He will be out 24/7 on grass. He will be in a field with plenty of grass but it isn't particularly lush. He won’t get any additional hard feed.

I plan to ride him most days and will be doing light/medium work with him. I want to do some long hacks, will jump at least once a week and compete in some dressage competitions. He will do about 6 to 8 hours a week I think. This is about double of what he did in his last home.

Is this workload going to be enough to prevent him from wearing the muzzle and/or getting too fat? How much work does the average fat pony do? I really want to avoid the muzzle and most importantly avoid him getting laminitis (which he has never had).
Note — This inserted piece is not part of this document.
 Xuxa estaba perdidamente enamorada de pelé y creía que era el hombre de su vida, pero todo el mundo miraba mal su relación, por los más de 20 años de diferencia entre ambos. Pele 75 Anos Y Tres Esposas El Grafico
He is a big horse (16hh shire x TB) and will be 8 by the summer.

Any advice/comments appreciated.
 
All you can do is play it by ear. Given that he's out 24/7 & you have no control over the grazing I'd be inclined to muzzle first & see how he looks weightwise, if you choose to do it the other way round then get a weightape & use it weekly to monitor any changes & be prepared to stick the muzzle on if he shows any gain.
 
I'm going into my third attempt at handling my horse's weight over the summer. This year I hope to get it right, but it is - I'm fearful that this mild weather is putting us at a disadvantage!
I didn't want to have to muzzle either but I'm going to have to for the spring grass, no choice, but then I was only managing around four-five sessions a week, of around 45 minutes each, and the work wasn't really hard work - my confidence restricted that from being possible.
We already cut the field in half from when the new grass ciomes through (and this year I'm going to try to get this done earlier than fieldmate would like), he's in with a pretty good doer arab, but not as good a doer as Flipo sadly.
I'd play it by ear, but also muzzle if thats what has been done before. Once the spring hits and they balloon, its a hell of a job to get it back under control - although I guess thats my issue so every horse is different!
 
All you can do is play it by ear. Given that he's out 24/7 & you have no control over the grazing I'd be inclined to muzzle first & see how he looks weightwise, if you choose to do it the other way round then get a weightape & use it weekly to monitor any changes & be prepared to stick the muzzle on if he shows any gain.


I already weight tape him everyweek and condition score. He is def. gaining in muscle and looks more toned compared to when i first got him.
 
If he is a really good doer, I would still muzzle in Spring at least. It isn't easy to lose the weight, easier to avoid it going on in the first place.

It might be an idea to supplement him if he is doing a reasonable amount of work and being restricted. Magnesium deficiency can cause a horse to hang onto fat and is common in overweight good doers.

Good luck. I have 2 that I battle with all year. They have put some on the last few weeks can you believe!
 
I too would want to muzzle first rather than letting the weight go on - harder to get it off than put it on :)

I prefer to have mine underweight going into spring I allow some gain over summer.
 
I would definitely muzzle if out 24/7 even if grass not lush, which in the spring/summer will be to some extent.

I would prefer to muzzle than strip graze. At least with a muzzle they can move around and get more exercise that way.

I always find that the initial strip graze part means that pony only gets a tiny bit of paddock in which to move around until the fence starts to be moved out every week or so then she gets a bigger space but is eating the grass which has been eaten well down at which point the eaten down grass gets nibbled at even more as there is more sugar in that part so you can't really win!!!! If that makes any sense to you at all :giggle: I know what I mean!!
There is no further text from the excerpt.